Google claims it doesn't have a monopoly over search, but pays $26 billion to Apple and others for default status, bombshell testimony reveals

How the U.S. v. Google antitrust case shakes out remains to be seen, but one thing it’s exposed is just how much the company is willing to pay to be the default search option across devices and platforms. That, of course, is information that Google wants kept private—it argues that disclosure will hurt its ability to negotiate contracts—but the judge in the case, Amit Mehta, wants greater openness in the trial and has ordered that certain numbers be revealed.

As a result, we now know the amount Google paid to be the default search engine in various browsers, phones, and platforms—in one particular year, at least. According to testimony on Friday by Prabhakar Raghavan, a senior executive responsible for search and advertising at Google, the tech giant paid $26.3 billion to other companies for the privilege in 2021. The payments for the defaults, Raghavan added, were the company’s biggest cost. 

The sum is staggering, but seems less so when compared to the revenue that Google earned from search advertising that same year: $146.4 billion. 

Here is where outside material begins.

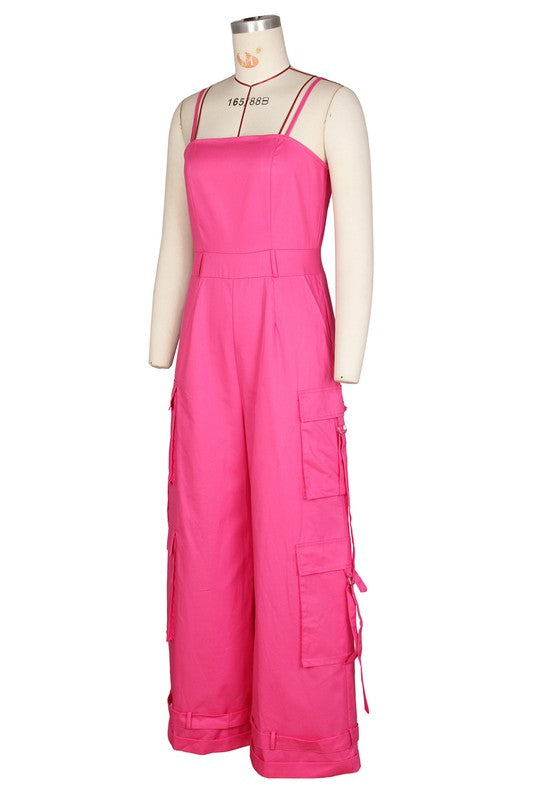 WOMEN'S FASHION JUMP SUIT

When approached by Fortune, Google pointed to its trial response, in which Kent Walker, president of global affairs, argues that “our success comes down to the quality of our products, not the quantity of our contracts.” 

But, obviously, Google bids on the default settings because they do matter, as spokesperson Peter Schottenfels acknowledged to the New York Times. And as Walker writes: “Browser makers like Apple and Mozilla choose to feature a default search engine. They open competition for the default and pick the best search provider for their users. We compete hard for that placement, so that users can easily access Google Search.”

The question at hand is whether the deals Google has struck with Apple and others are anticompetitive.

“This case is about the future of the internet and whether Google’s search engine will ever face meaningful competition,” Kenneth Dintzer, the Justice Department’s lead litigator, said during opening arguments last month. As far back as 2010, he argues, Google has maintained an illegal monopoly, with its role as the default engine across much of the internet being a key factor.

One upshot of the trial could be that the tech giant is forced to stop paying companies to make Google the default on various devices. Critics, meanwhile, contend the government should force Google to make it easier for Android users to set the default to rival services.

Another revelation from the trial suggesting how important defaults are to Google was highlighted by The Verge. Jim Kolotouros, vice president  of Android platform partnerships, wrote in an internal email in 2020: “Chrome exists to serve Google search. If it cannot do that because it is regulated to be set by the user, the value of users using Chrome goes to almost zero (for me).”